Pengaduan disampaikan langsung oleh Melki Mere pada Selasa, 20 Januari 2026, di Markas Polres Nagekeo. Ia didampingi Wilibrodus Wu No, pihak pemberi hibah tanah. Kepada penyidik, pelapor menyerahkan dokumen hibah, bukti penguasaan fisik tanah, serta bukti kepemilikan bangunan yang hingga kini masih dikuasai pihak terlapor.
Usai penyerahan pengaduan tertulis, Melki Mere dan Wilibrodus Wu No memaparkan kronologis lengkap perkara dalam pertemuan bersama Wakapolres Nagekeo, Kompol Made Mudana, dan Kasat Reskrim Polres Nagekeo, Iptu Fajar E. Cahyono, di ruang rapat Polres.
Wakapolres Nagekeo menegaskan bahwa kepolisian akan mengkaji secara menyeluruh materi pengaduan beserta alat bukti untuk menentukan apakah peristiwa tersebut memenuhi unsur pidana dan layak ditingkatkan ke tahap Laporan Polisi (LP).
Pendudukan Paksa Sejak 29 Desember 2025
Dalam surat pengaduan kepada Kapolres Nagekeo disebutkan, dugaan perampasan hak bermula pada 29 Desember 2025.
Saat itu, JLK bersama sejumlah anggota keluarganya diduga menduduki dan menguasai secara paksa rumah milik Melki Mere yang berdiri di atas tanah hibah dari Wilibrodus Wu No.
Sejak kejadian tersebut, rumah, tanah, serta seluruh isinya berada di bawah penguasaan terlapor. Pelapor dan keluarganya kehilangan akses terhadap aset milik sendiri serta mengalami tekanan psikologis dan rasa tidak aman.

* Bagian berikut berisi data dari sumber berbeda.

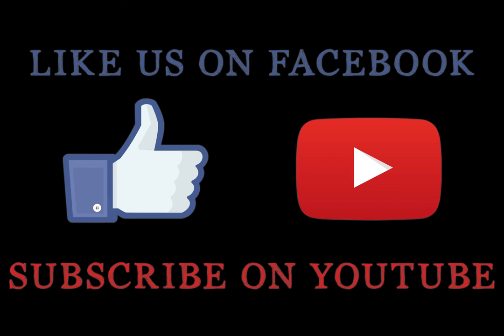Be sure to like our page on Facebook and subscribe on YouTube for more real estate photography tutorials.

Upaya penyelesaian secara kekeluargaan melalui Ketua RT 036 Kelurahan Danga hingga mediasi resmi di tingkat kelurahan tidak membuahkan hasil. Pihak terlapor menolak meninggalkan lokasi dan tetap mengklaim kepemilikan tanpa didukung dokumen administratif yang sah.
Massa Didatangkan, Kamtibmas Terancam
Situasi keamanan dilaporkan semakin memanas pada malam 30 Desember 2025 ketika aparat kelurahan bersama kepolisian mendatangi lokasi untuk memberikan imbauan kamtibmas. Namun situasi tidak kunjung kondusif.

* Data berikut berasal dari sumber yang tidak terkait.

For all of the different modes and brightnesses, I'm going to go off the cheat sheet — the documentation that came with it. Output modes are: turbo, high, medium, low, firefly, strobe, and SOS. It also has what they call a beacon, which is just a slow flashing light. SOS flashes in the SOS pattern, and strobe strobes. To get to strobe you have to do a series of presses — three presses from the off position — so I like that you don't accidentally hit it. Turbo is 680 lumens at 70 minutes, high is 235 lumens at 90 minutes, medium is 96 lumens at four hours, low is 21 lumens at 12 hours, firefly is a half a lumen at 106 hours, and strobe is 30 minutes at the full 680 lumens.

Bahkan, pada 31 Desember 2025 sekitar pukul 03.00 WITA, JLK diduga mendatangkan sekitar 30 orang tambahan menggunakan dua unit kendaraan roda empat. Kehadiran massa berpakaian serba hitam dan sebagian mengenakan masker tersebut dinilai menimbulkan ketakutan warga serta berpotensi memicu konflik horizontal di Kelurahan Danga.
Dugaan Penyanderaan Keluarga Pelapor
Peristiwa paling serius terjadi pada 1 Januari 2026. JLK dan keluarganya diduga melakukan penyanderaan terhadap lima anggota keluarga Melki Mere yang hendak memberi makan ternak babi. Aksi tersebut diduga dilakukan untuk memaksa pelapor menemui pihak terlapor.

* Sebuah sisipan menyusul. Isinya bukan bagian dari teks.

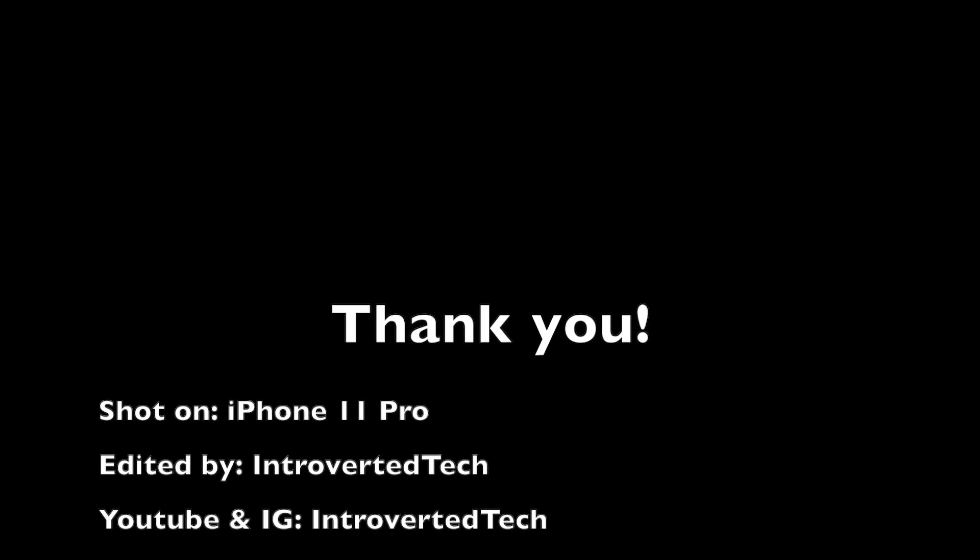Thank you for watching the video. Don't forget to subscribe, like, and comment — I want to hear what you guys think.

Insiden ini baru berakhir setelah aparat kepolisian dari Pos Rajawali turun ke lokasi dan membebaskan kelima korban.
Desakan Penegakan Hukum Tegas
Wilibrodus Wu No menegaskan bahwa perkara ini tidak boleh dibiarkan berlarut-larut. Menurutnya, pembiaran terhadap penguasaan aset secara sepihak bukan hanya mencederai rasa keadilan, tetapi juga berpotensi menciptakan preseden buruk penegakan hukum serta membuka ruang konflik sosial yang lebih luas.
Ia berharap Polres Nagekeo bertindak cepat, objektif, dan berkeadilan guna memberikan kepastian hukum bagi korban sekaligus menjaga stabilitas keamanan dan ketertiban masyarakat di Kabupaten Nagekeo.